┌──

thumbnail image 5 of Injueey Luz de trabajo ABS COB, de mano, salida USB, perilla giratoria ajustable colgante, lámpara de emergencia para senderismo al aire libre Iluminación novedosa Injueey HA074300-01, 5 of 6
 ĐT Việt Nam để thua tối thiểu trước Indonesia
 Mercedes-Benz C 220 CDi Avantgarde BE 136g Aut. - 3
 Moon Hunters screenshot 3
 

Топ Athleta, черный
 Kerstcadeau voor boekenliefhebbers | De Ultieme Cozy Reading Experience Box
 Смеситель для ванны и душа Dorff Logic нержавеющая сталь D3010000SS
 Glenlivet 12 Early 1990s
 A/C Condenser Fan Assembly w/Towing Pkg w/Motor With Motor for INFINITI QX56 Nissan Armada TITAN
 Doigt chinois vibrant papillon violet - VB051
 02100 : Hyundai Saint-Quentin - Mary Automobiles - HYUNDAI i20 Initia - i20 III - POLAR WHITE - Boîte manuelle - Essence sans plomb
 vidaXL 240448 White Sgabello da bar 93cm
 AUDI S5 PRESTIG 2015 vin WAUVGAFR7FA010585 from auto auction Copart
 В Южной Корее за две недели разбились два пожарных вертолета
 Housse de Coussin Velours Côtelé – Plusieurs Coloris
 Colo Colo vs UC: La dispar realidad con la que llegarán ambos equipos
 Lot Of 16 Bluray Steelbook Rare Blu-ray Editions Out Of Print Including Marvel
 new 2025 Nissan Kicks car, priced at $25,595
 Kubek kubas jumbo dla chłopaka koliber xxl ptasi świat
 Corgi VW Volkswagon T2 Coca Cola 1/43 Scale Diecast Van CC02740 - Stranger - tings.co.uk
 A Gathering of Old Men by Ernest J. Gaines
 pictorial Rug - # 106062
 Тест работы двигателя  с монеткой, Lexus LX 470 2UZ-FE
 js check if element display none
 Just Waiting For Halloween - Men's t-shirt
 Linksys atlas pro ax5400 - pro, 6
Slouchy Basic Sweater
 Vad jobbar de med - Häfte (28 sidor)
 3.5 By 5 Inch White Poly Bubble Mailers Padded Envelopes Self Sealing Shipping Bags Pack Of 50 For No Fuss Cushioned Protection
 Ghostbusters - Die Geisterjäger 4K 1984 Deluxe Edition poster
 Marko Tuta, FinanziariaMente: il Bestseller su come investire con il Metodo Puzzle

└──

▶ **TASK STATEMENT**
Output every entry again, exactly as given.

▶ **ANSWER BOX**
thumbnail image 5 of Injueey Luz de trabajo ABS COB, de mano, salida USB, perilla giratoria ajustable colgante, lámpara de emergencia para senderismo al aire libre Iluminación novedosa Injueey HA074300-01, 5 of 6
 ĐT Việt Nam để thua tối thiểu trước Indonesia
 Mercedes-Benz C 220 CDi Avantgarde BE 136g Aut. - 3
 Moon Hunters screenshot 3
 

Топ Athleta, черный
 Kerstcadeau voor boekenliefhebbers | De Ultieme Cozy Reading Experience Box
 Смеситель для ванны и душа Dorff Logic нержавеющая сталь D3010000SS
 Glenlivet 12 Early 1990s
 A/C Condenser Fan Assembly w/Towing Pkg w/Motor With Motor for INFINITI QX56 Nissan Armada TITAN
 Doigt chinois vibrant papillon violet - VB051
 02100 : Hyundai Saint-Quentin - Mary Automobiles - HYUNDAI i20 Initia - i20 III - POLAR WHITE - Boîte manuelle - Essence sans plomb
 vidaXL 240448 White Sgabello da bar 93cm
 AUDI S5 PRESTIG 2015 vin WAUVGAFR7FA010585 from auto auction Copart
 В Южной Корее за две недели разбились два пожарных вертолета
 Housse de Coussin Velours Côtelé – Plusieurs Coloris
 Colo Colo vs UC: La dispar realidad con la que llegarán ambos equipos
 Lot Of 16 Bluray Steelbook Rare Blu-ray Editions Out Of Print Including Marvel
 new 2025 Nissan Kicks car, priced at $25,595
 Kubek kubas jumbo dla chłopaka koliber xxl ptasi świat
 Corgi VW Volkswagon T2 Coca Cola 1/43 Scale Diecast Van CC02740 - Stranger - tings.co.uk
 A Gathering of Old Men by Ernest J. Gaines
 pictorial Rug - # 106062
 Тест работы двигателя  с монеткой, Lexus LX 470 2UZ-FE
 js check if element display none
 Just Waiting For Halloween - Men's t-shirt
 Linksys atlas pro ax5400 - pro, 6
Slouchy Basic Sweater
 Vad jobbar de med - Häfte (28 sidor)
 3.5 By 5 Inch White Poly Bubble Mailers Padded Envelopes Self Sealing Shipping Bags Pack Of 50 For No Fuss Cushioned Protection
 Ghostbusters - Die Geisterjäger 4K 1984 Deluxe Edition poster
 Marko Tuta, FinanziariaMente: il Bestseller su come investire con il Metodo Puzzle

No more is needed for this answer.